**Data section**.

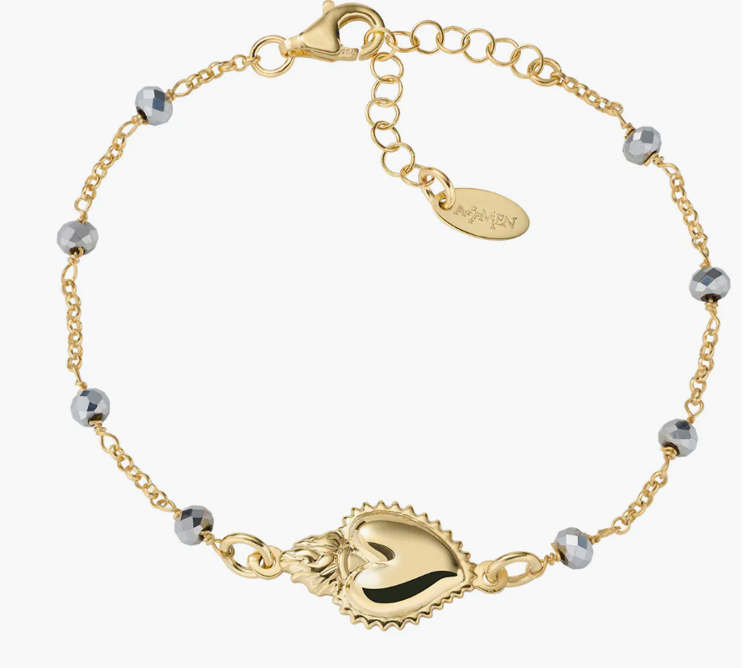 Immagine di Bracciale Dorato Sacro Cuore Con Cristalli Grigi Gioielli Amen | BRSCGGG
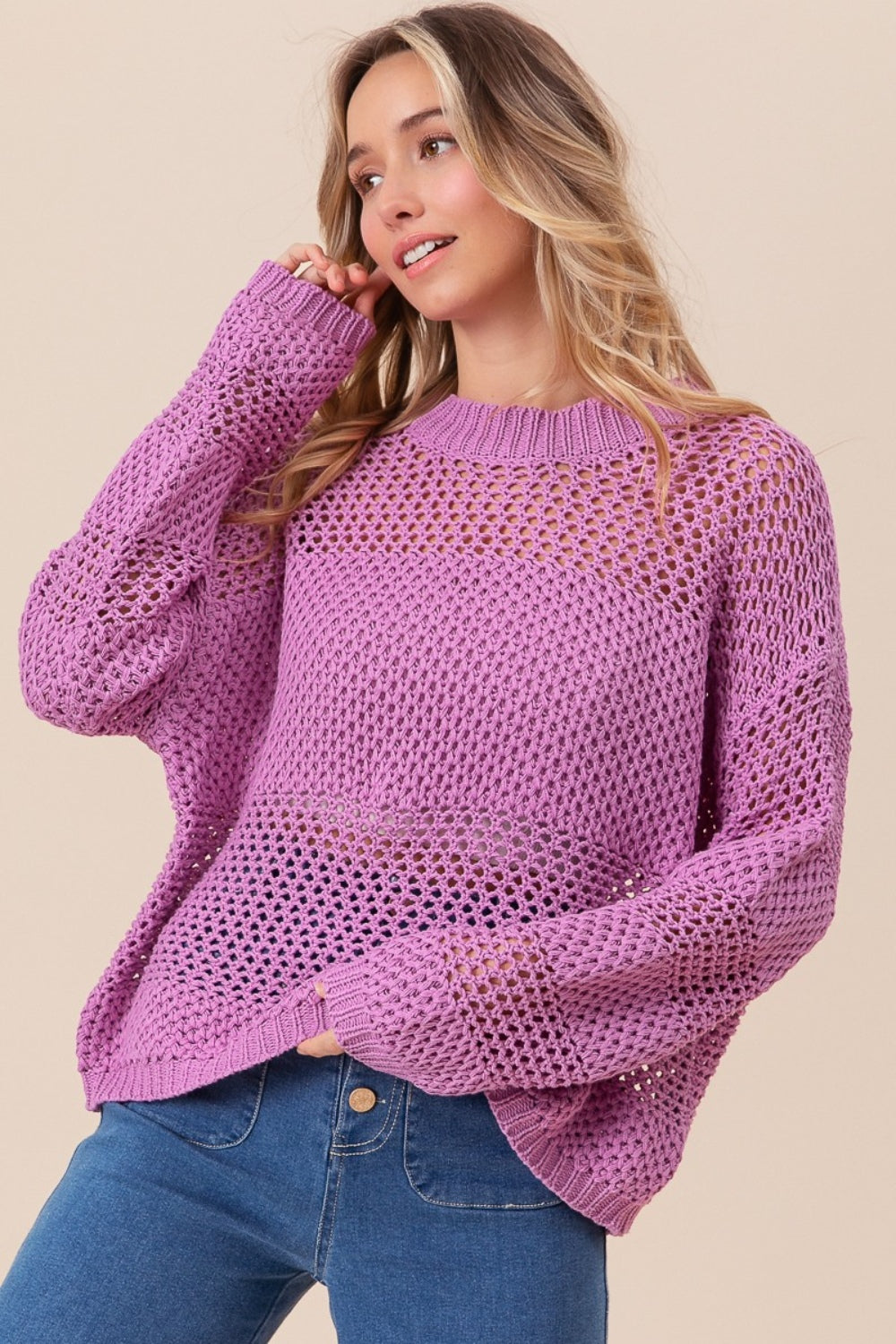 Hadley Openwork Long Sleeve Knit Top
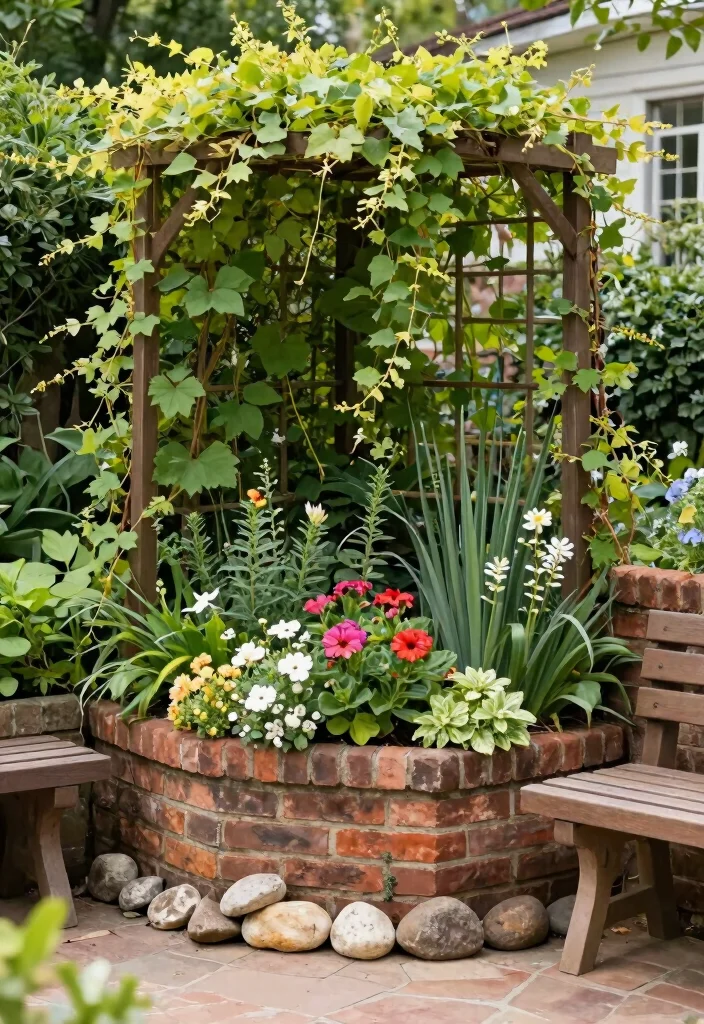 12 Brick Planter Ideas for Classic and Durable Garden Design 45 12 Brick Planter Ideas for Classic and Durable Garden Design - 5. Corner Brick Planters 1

**Task directions**.
Without including any pictures, reproduce the data exactly.

**Answer to this problem**.
 Immagine di Bracciale Dorato Sacro Cuore Con Cristalli Grigi Gioielli Amen | BRSCGGG
 Hadley Openwork Long Sleeve Knit Top
 12 Brick Planter Ideas for Classic and Durable Garden Design 45 12 Brick Planter Ideas for Classic and Durable Garden Design - 5. Corner Brick Planters 1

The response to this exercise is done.